Lisa Holdsworth is originally from Leeds and has worked in television in the city since she graduated.  Lisa’s first commission was an episode of FAT FRIENDS which she devised herself and was shortlisted for a Best New Writer BAFTA.

Since then, she has written an original play for Radio 4 and spent three years on the EMMERDALE writing team. She left to write for the third series of the BBC’s police drama NEW TRICKS.

She has contributed to the show ever since and is about to start work on an episode for series eight.  She has also written on four series of WATERLOO ROAD including a feature length series opener.

She wrote two of the final series of ROBIN HOOD; including the much-discussed ORIGINS episode.
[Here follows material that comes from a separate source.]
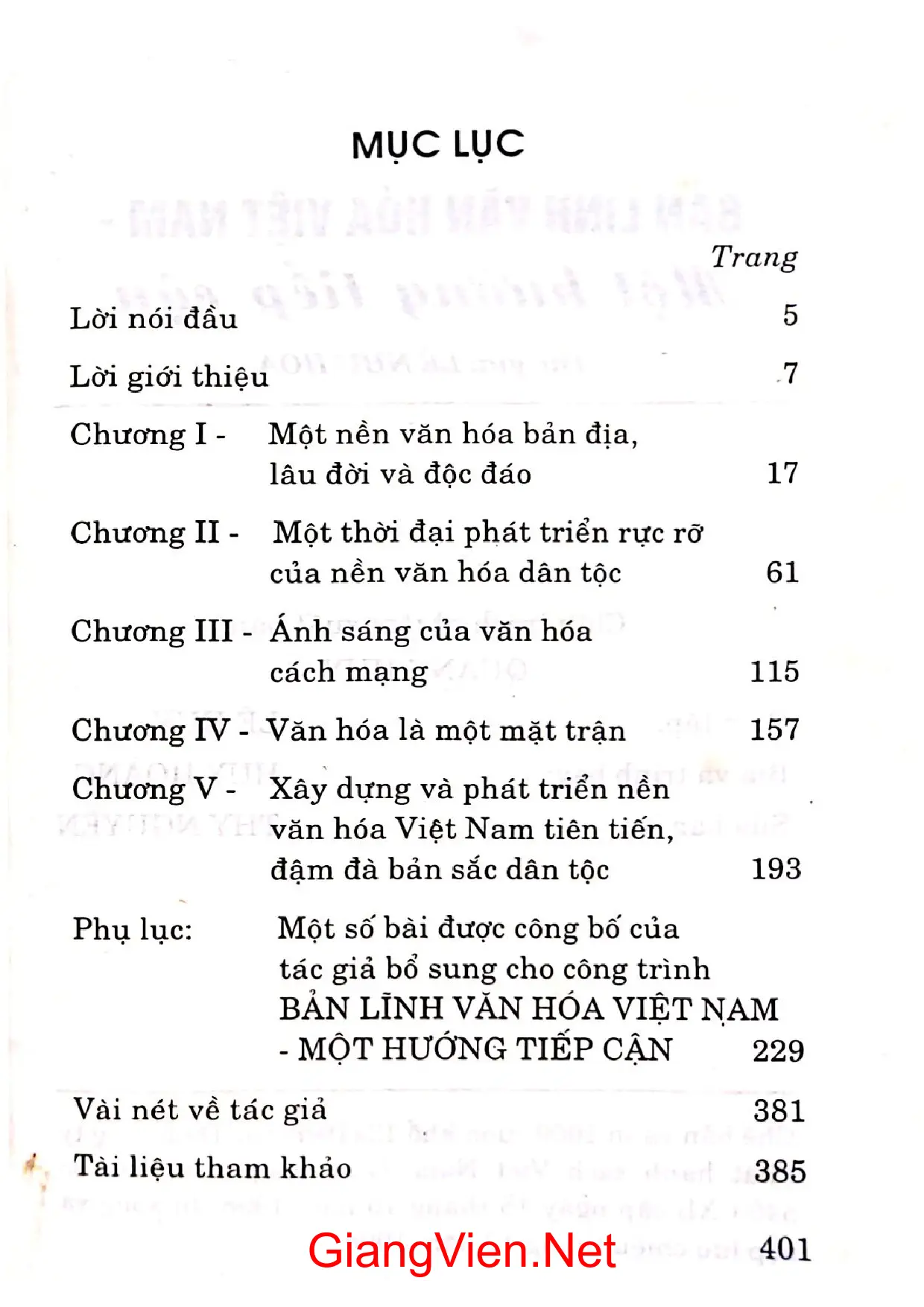 Trang bìa chính thức sách Bản lĩnh văn hóa Việt Nam một hướng tiếp cận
She currently has projects in development with several production companies and the BBC.

Q:  What was your favourite film as a kid?

A:  PRETTY IN PINK – I was a sucker for a fairytale makeover.  Twenty-five years later and I still love John Hughes movies.

Q: Who inspired you when you were starting out?

A:  Kay Mellor. She came from the same city as me and wrote about warm, female Northern characters.  She was taken seriously as a writer.

Q: What was your big break?

A:  Kay read one of my scripts and liked it. She offered me a job as her PA. Whilst I was booking trains and typing letters, she decided to do a second series of FAT FRIENDS. We had a story meeting and she encouraged me to participate. I went home that weekend and wrote a story pitch for an episode and Kay commissioned it.

Q: What was the best day in your career?

A:  The day John Yorke commissioned my pilot on the strength of a five minute verbal pitch.

Q: What has been your most important lesson?

A:  Write your first draft just for you, always remembering that you will be the only person that will ever see it in its raw state.

Q: If a niece or nephew wanted to be in the business, what would you advise them?

A: Don’t do it for the money, do it for love.

Q: What is the hardest part of your job and how do you overcome it?

A:  The constant rejection.  You just have to absorb it and constantly think, “Screw ‘em. It’s their loss”.

Q: What do you feel is a writer’s or filmmaker’s key responsibility?

A:  A writer’s responsibility is to create a document (the script) that gives a director and the actors absolutely everything they need to get your idea/vision on screen.

Q: What mistakes do you see writers or filmmakers making over and over?

A:  Over-writing – getting bogged down in details/incident that don’t serve the story or the characters. Cut, cut and then cut again.

Q: What advice would you offer a writer or filmmaker?

A:  Write what you are passionate about or get passionate about what you are writing.